▶ **Data**:
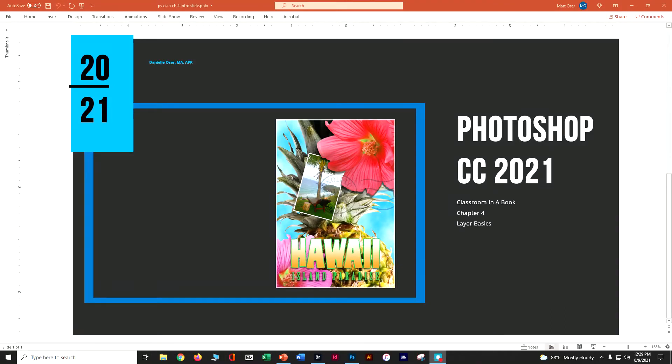Hi, welcome back to Photoshop CC 2021 class in our book chapter four. This is part three of layer basics.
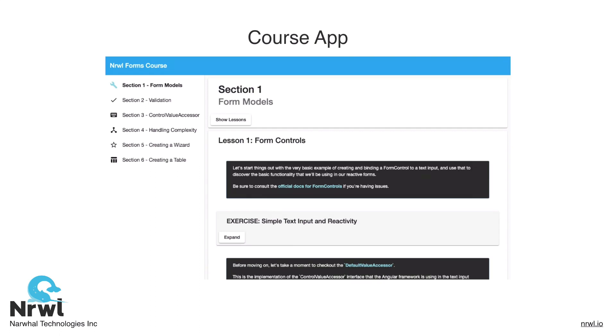We've designed this course app so that you can work through the lessons and exercises by yourself if you wanted to, simply by following the instructions provided inside the app. The course app will also allow you to see source code within the app, as well as switch over to a completed implementation of every exercise for your reference in case you get stuck.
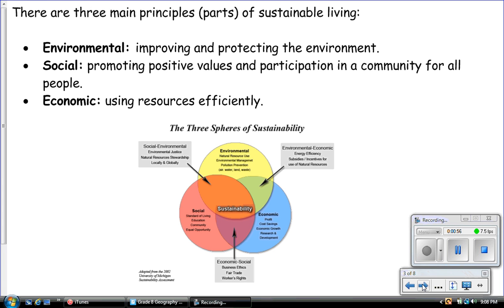There are three main principles or parts of sustainable living. The first principle is environmental, which means simply improving and protecting the environment. There is the social principle, which means promoting positive values and participation in a community for all people. And finally, there is the economic principle — using resources efficiently, making sure that when we use resources, we do not waste them. We use them as much as possible, especially in the case of non-renewable resources.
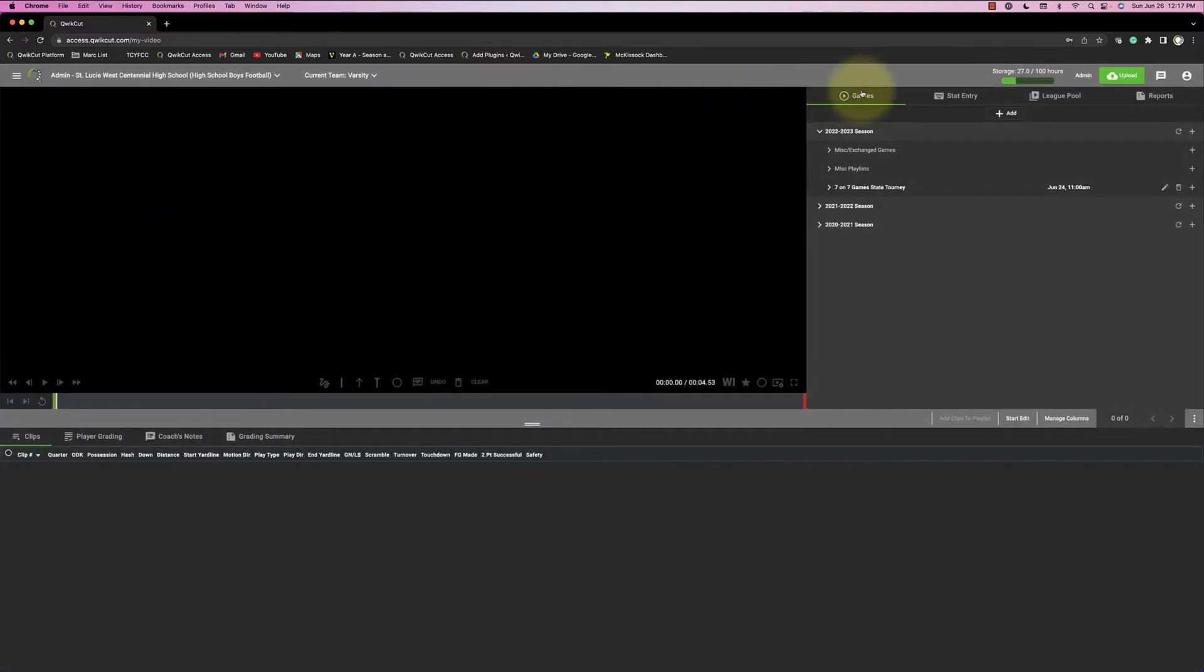So I'm in the My Games tab, which this green line underneath Games tells me I'm in the Games tab.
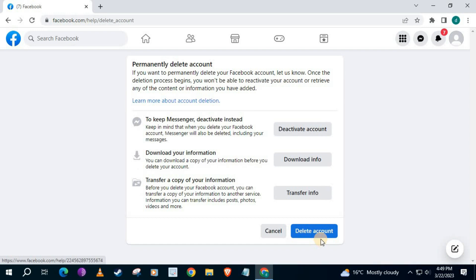You can download your Facebook information here before you delete your account. Press the blue button here.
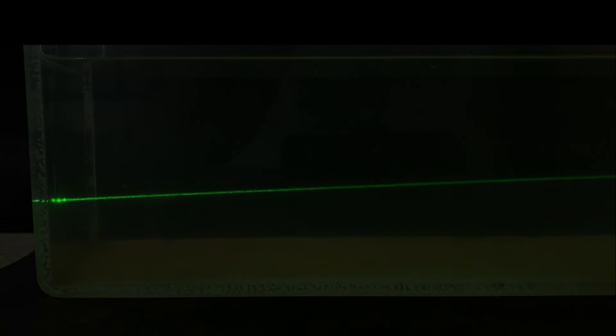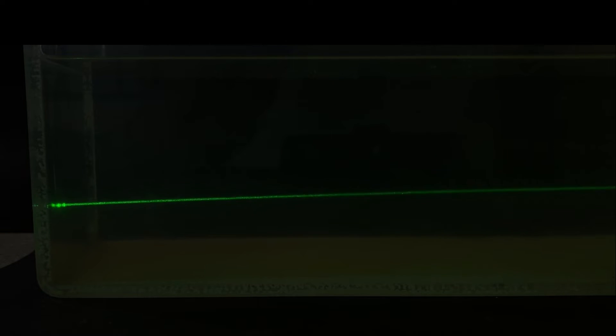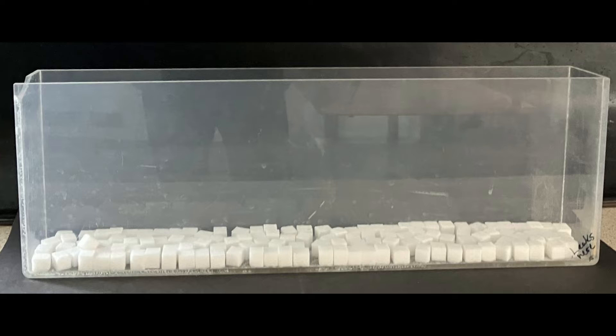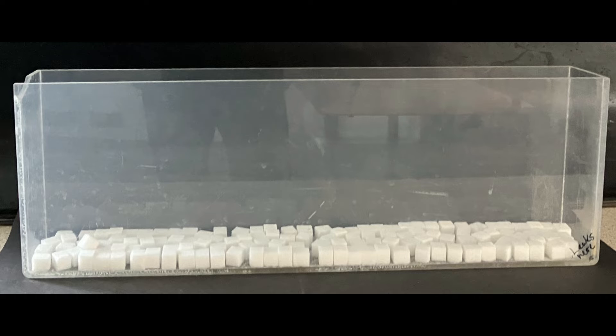This is a demonstration of bending a laser beam using sugar solution. The sugar solution increases in concentration as we go down, which means the refractive index increases, causing the laser beam to bend. This is pretty straightforward to set up.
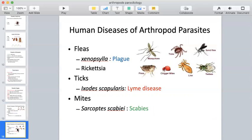The plague is transmitted through the bite of a flea. Rickettsia and ticks transmit the organism that causes Lyme disease. Scabies is transmitted through the bite of mites. These are examples of human diseases of arthropod parasites. Take some time to review these and make sure you have a basic understanding — you don't need to be experts, but you should have a working knowledge of these topics.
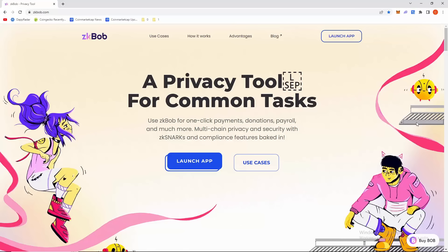Hello guys, welcome to a new video where we're on zkbob.com. This is a look at privacy features — for common tasks in here.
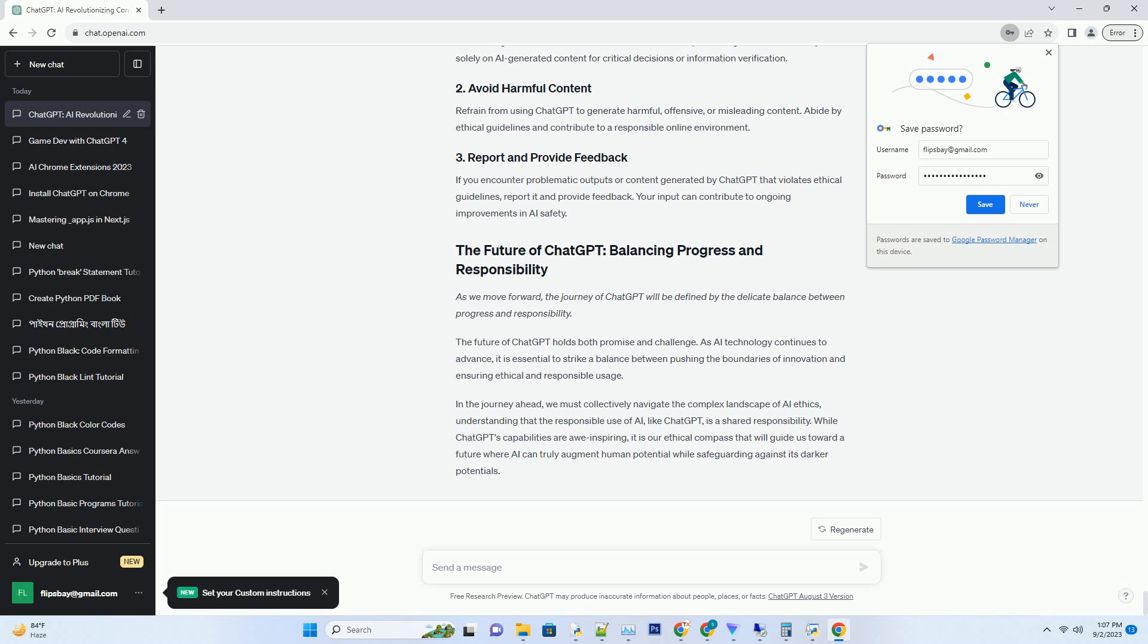The future of ChatGPT holds both promise and challenge. As AI technology continues to advance, it is essential to strike a balance between pushing the boundaries of innovation and ensuring ethical and responsible usage. In the journey ahead, we must collectively navigate the complex landscape of AI ethics, understanding that the responsible use of AI, like ChatGPT, is a shared responsibility. While ChatGPT's capabilities are awe-inspiring, it is our ethical compass that will guide us toward a future where AI can truly augment human potential while safeguarding against its darker potentials.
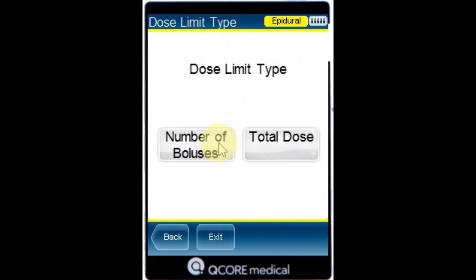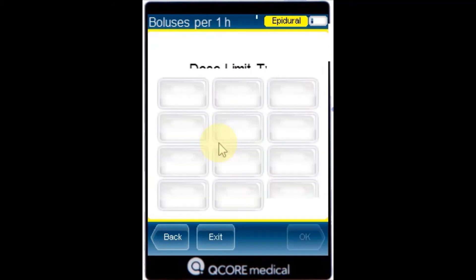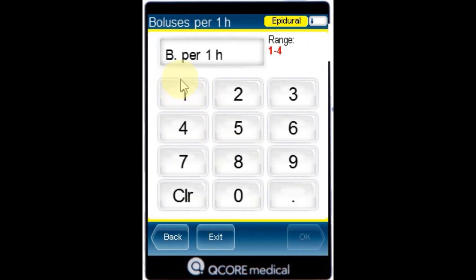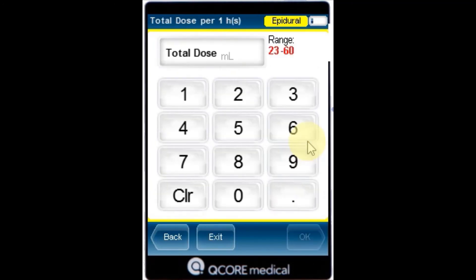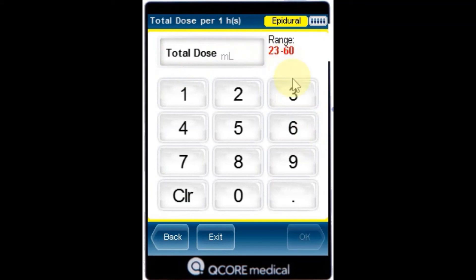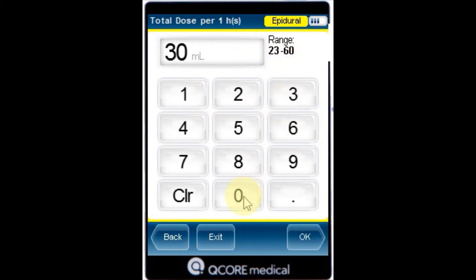Number of Boluses limits the maximum number of boluses. Total Dose defines the maximum amount of medication that may be delivered within a one or four hour period. After the Dose Limit Type is selected, using the keypad, enter the number of boluses or maximum dose and press OK.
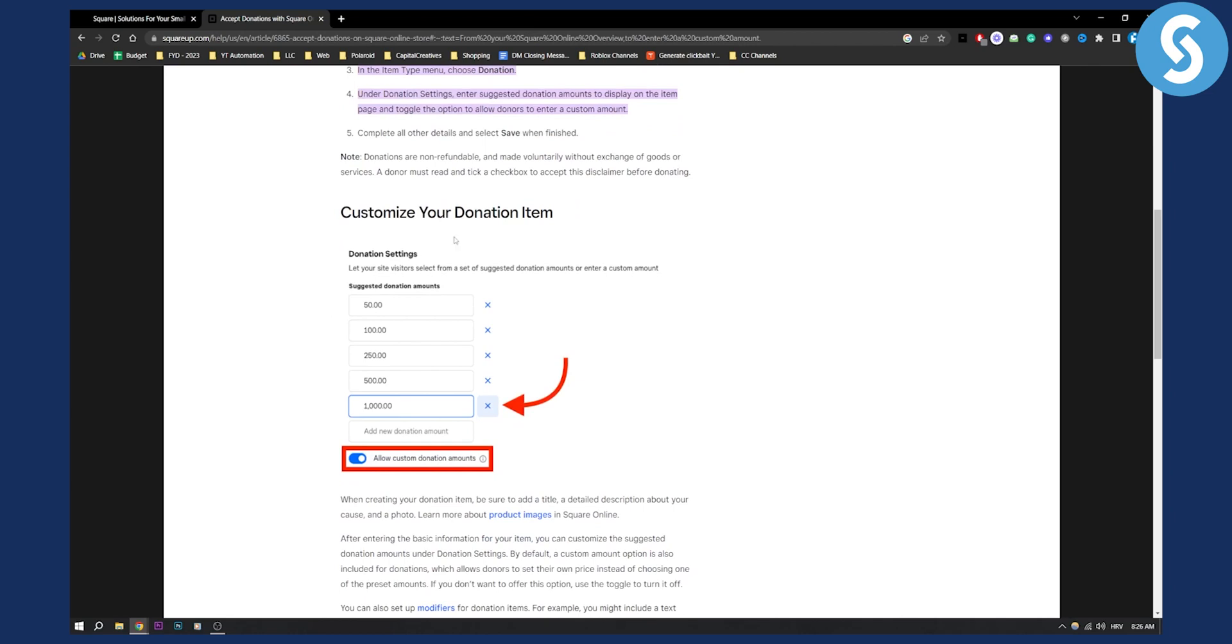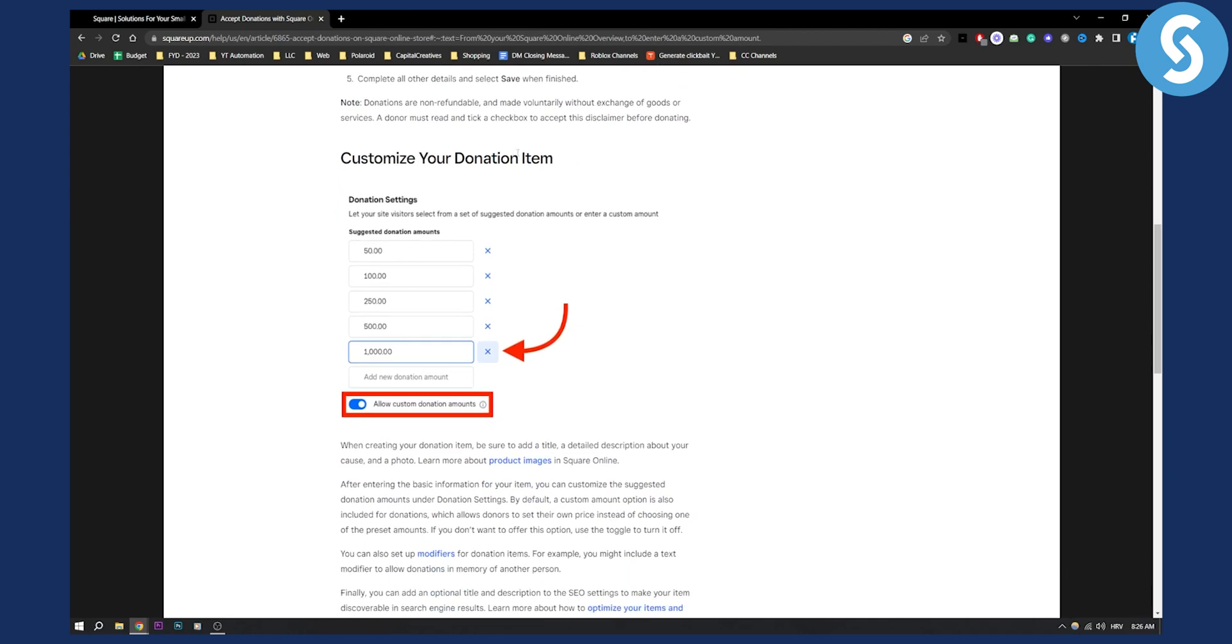You can also customize your donation item. As you can see, you have donation settings, you have suggested donation amounts, and then you can allow custom donation amounts. If you want anyone that's visiting your donation page to be able to enter a custom donation amount, you can enable that option.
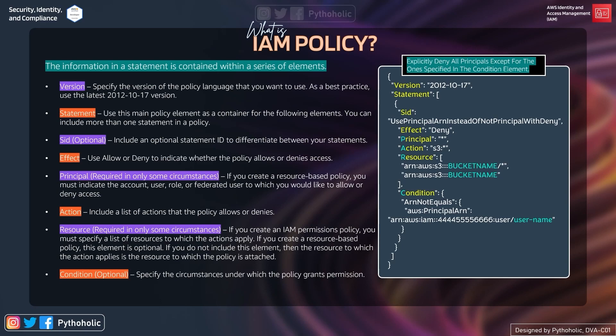The first element is version. We can specify the version of the policy language that we want to use. As a best practice, use the latest version 2012-10-17. We write JSON policies and that we will discuss in some time. These are basically called a policy language and you are meant to write the policy in a certain way for it to be acceptable by IAM.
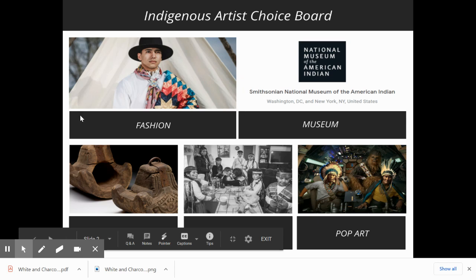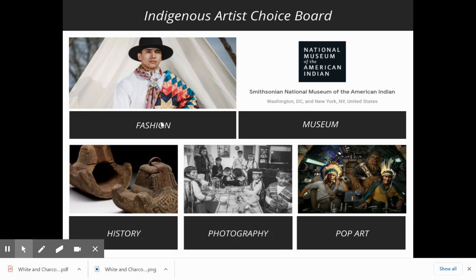So this first area, if you're into fashion, you can click on this, and it's going to take you to what you'll be doing if you choose this route. There is the National Museum of American Indian at the Smithsonian, so if you just want to take a virtual museum tour, you'll click on this area.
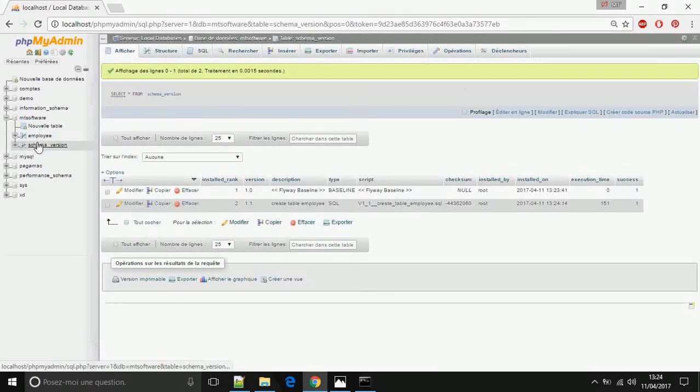I now have the database back to before the data was inserted. This is how to migrate to a target version. Thank you for watching, don't forget to comment and subscribe. Goodbye!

▶ **Assigned task**: Pictures do not go in the copy. Write out exactly the lines from the line containing "You can also" through the last line of the listing.

▶ **Answer for this exercise**:
You can also customize your donation item. As you can see, you have donation settings, you have suggested donation amounts, and then you can allow custom donation amounts. If you want anyone that's visiting your donation page to be able to enter a custom donation amount, you can enable that option.
The first element is version. We can specify the version of the policy language that we want to use. As a best practice, use the latest version 2012-10-17. We write JSON policies and that we will discuss in some time. These are basically called a policy language and you are meant to write the policy in a certain way for it to be acceptable by IAM.
So this first area, if you're into fashion, you can click on this, and it's going to take you to what you'll be doing if you choose this route. There is the National Museum of American Indian at the Smithsonian, so if you just want to take a virtual museum tour, you'll click on this area.
I now have the database back to before the data was inserted. This is how to migrate to a target version. Thank you for watching, don't forget to comment and subscribe. Goodbye!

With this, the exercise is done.